Agent 99 (Get Smart): James Bond may have been called 007 from time to time, but Agent 99 takes use of her code number to the next level, never answering to any other moniker (okay, in one episode, her fiance calls her Susan Hilton, but that isn't actually her name). In fact, she married Maxwell Smart and bears him twins without him ever learning her real name, proving once and for all that she's the better spy.
Agent 355 (Y the Last Man): In the historical spy network known as the Culper Ring, there was a female agent code named 355, whose identity has never been definitively determined. Similarly, in the fictional Culper Ring of Y the Last Man, Agent 355 is a highly competent spy whose name is never revealed (at least not to the reader). Her odd relationship with her name parallels that of Alter Tse'elon, the Israel commando whose real first name is not spoken (until the end) for fear of attracting the Angel of Death.

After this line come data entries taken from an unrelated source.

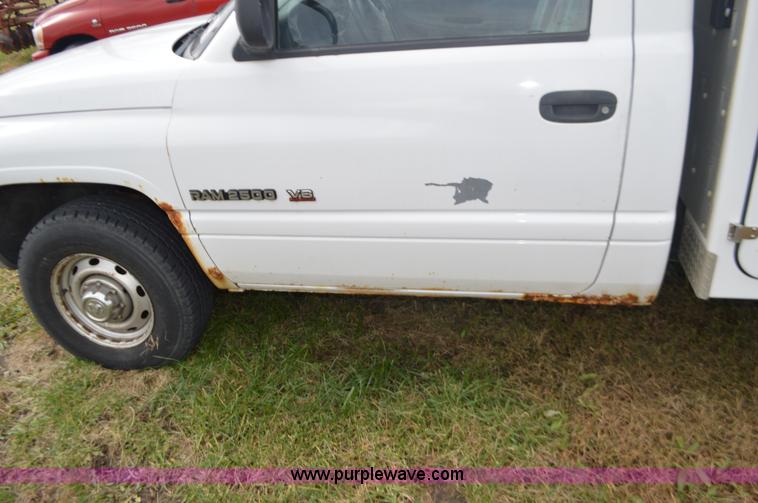 image for item K5273 2001 Dodge Ram 2500 utility truck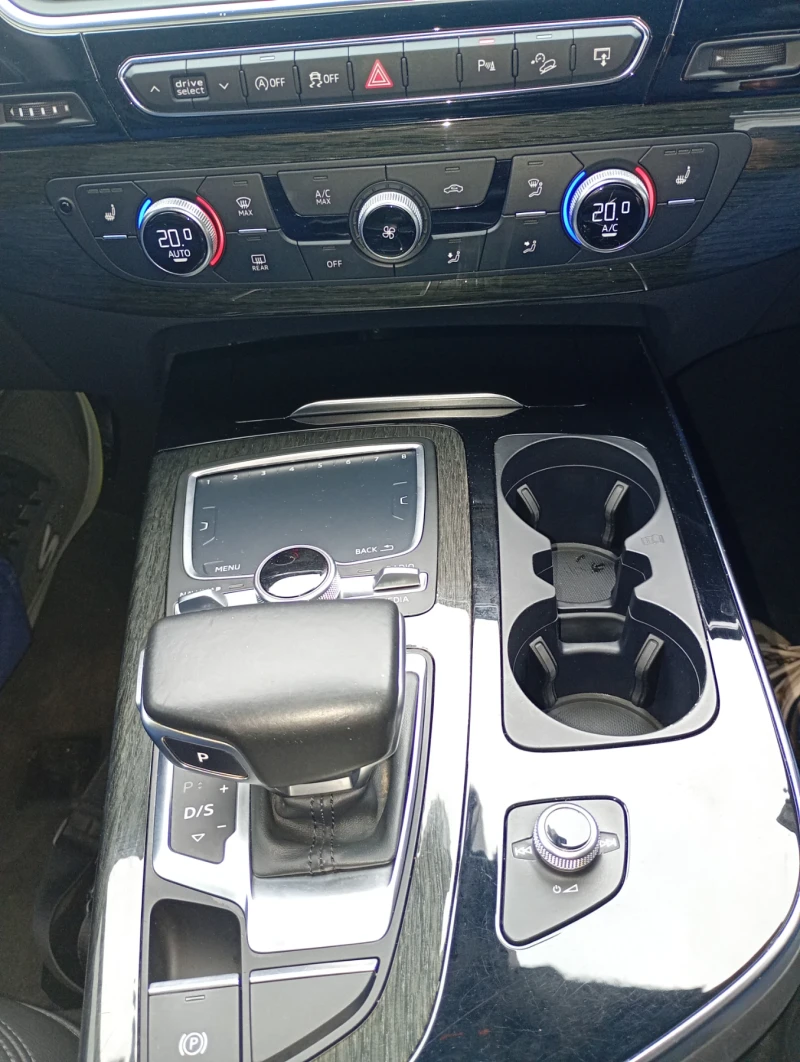 Audi Q7, снимка 16 - Автомобили и джипове - 52324962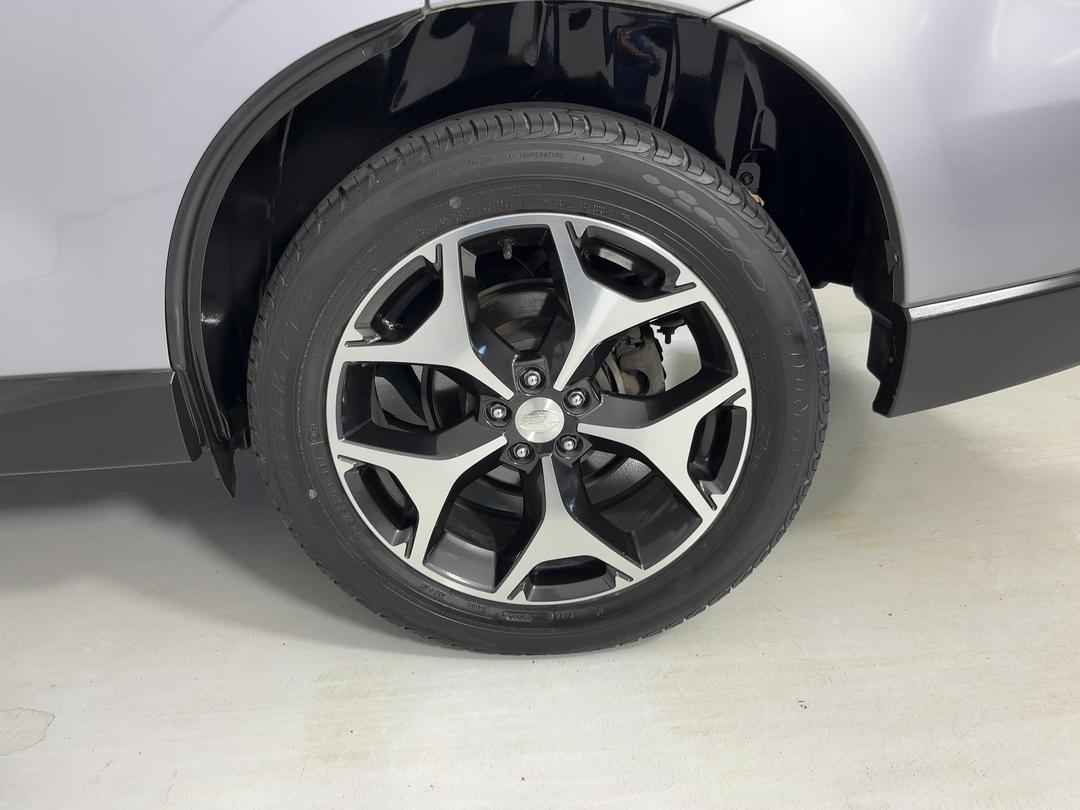 Photo '11' of Subaru Forester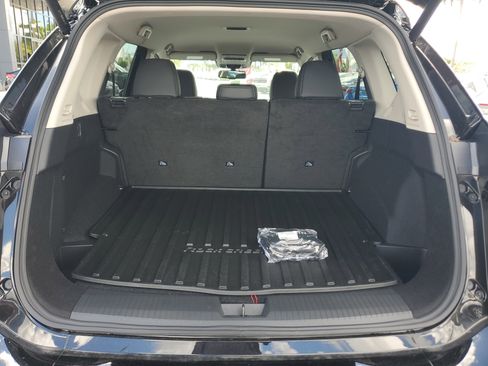 New 2025 Nissan Rogue SV w/ Rock Creek Premium Package image 9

Experiment 626 (Lilo and Stitch): The alien mad scientist Dr. Jumba Jookiba created 626 strange and dangerous lifeforms. The wanton destruction caused by the final experiment, 626, condemns them both to life in exile, but the experiment escapes to Earth, where a young Hawaiian girl names him "Stitch." Of course, once Stitch's destructive nature has been reigned in, there are still 625 other experiments to contend with.
1812 (Farscape): In terms of numbered names, the DRD robot 1812 gets his from a fairly unusual source. Instead of 1812 being a serial number or a numbered designation, it's a reference to the 1812 Overture, which Crichton teaches the little service bot to play.
Subject 781227 (Kyle XY): Zzyzx, the company funding Adam Baylin's research, saw the child-shaped being Adam Baylin developed in his lab as a biological computer rather than a person, reflected in him getting a serial number in lieu of a name. It's only after 16 years, an escape, and a bout of amnesia that Subject 781227 finally gets a name: Kyle Trager.